Yes, you can use Google Sheets and Looker Studio for the visualization and manual prompting for data collection. However, manual data entry is prone to error and doesn't scale. For a professional setup, expect to pay for API tokens or a specialized tool like Trakkr to automate the collection.
Why does my brand show up in ChatGPT but not in Perplexity?
These models use different architectures. ChatGPT relies heavily on its training data and its own search index, while Perplexity is a 'wrapper' that pulls from current top-ranking Google search results. If you are missing from Perplexity, it is likely an SEO issue; if missing from ChatGPT, it is a brand authority or training data issue.
What is the most important metric to show my CMO?

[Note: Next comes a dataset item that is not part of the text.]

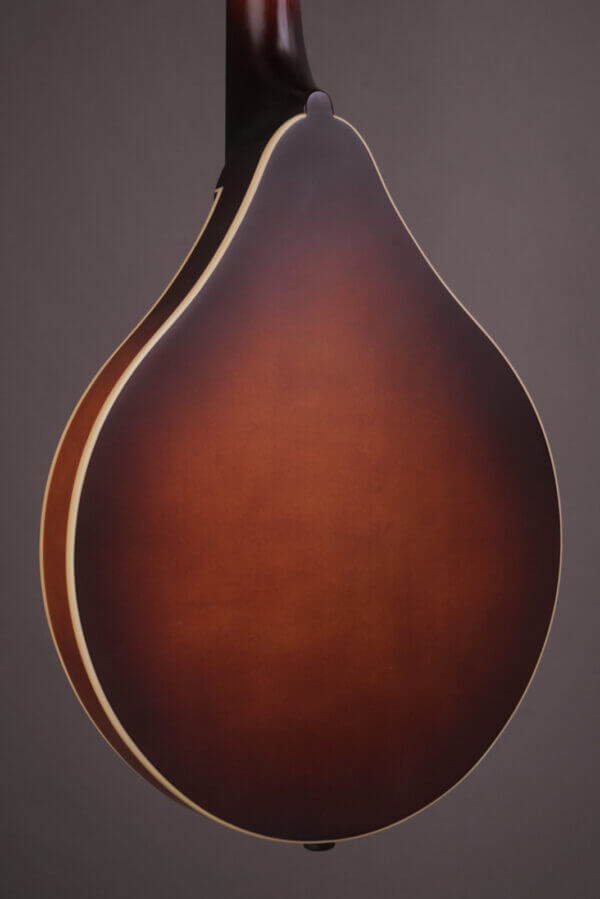 The Loar LM-110-BRB Mandolin (Pre-Owned) - Image 8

Share of Model (SOV) is the most impactful metric for executives. It clearly shows how much of the 'mindshare' your brand occupies in AI conversations compared to competitors. Pair this with 'Sentiment' to prove that not only are you being mentioned, but you are being recommended.
How do I track if AI mentions are actually driving sales?
Use UTM parameters in your technical documentation and blog posts. While LLMs don't always pass UTMs, tools like Perplexity often do. Additionally, monitor your 'Direct' and 'Branded Search' traffic in Google Analytics; a spike here often correlates with increased AI visibility.